[[ Data for the task, beginning ]]
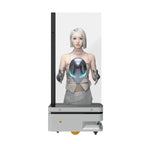 ATEAGO A1 ROS AI Advertising Robot AGV Self-Driving OLED LCD Display Mobile Base Marketing Promotion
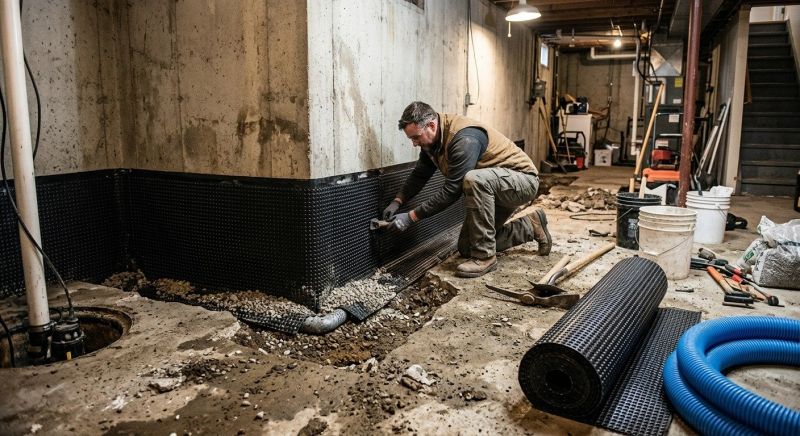 Basement Water Prevention in Greenville, SC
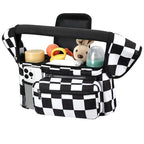 Universal Stroller Organizer with Insulated Cup Holder (Checkerboard / Classic Organizer)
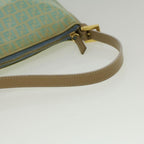 FENDI Zucchino Canvas Hand Bag Coated Canvas Light Blue56491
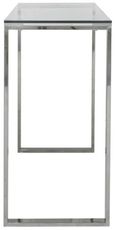 Harry Console Table - Glass and Chrome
[[ Data for the task, end ]]
Take the line containing "Universal Stroller Organizer" and every line after it through the end of the data, and write them out exactly, with no pictures.

 Universal Stroller Organizer with Insulated Cup Holder (Checkerboard / Classic Organizer)
 FENDI Zucchino Canvas Hand Bag Coated Canvas Light Blue56491
 Harry Console Table - Glass and Chrome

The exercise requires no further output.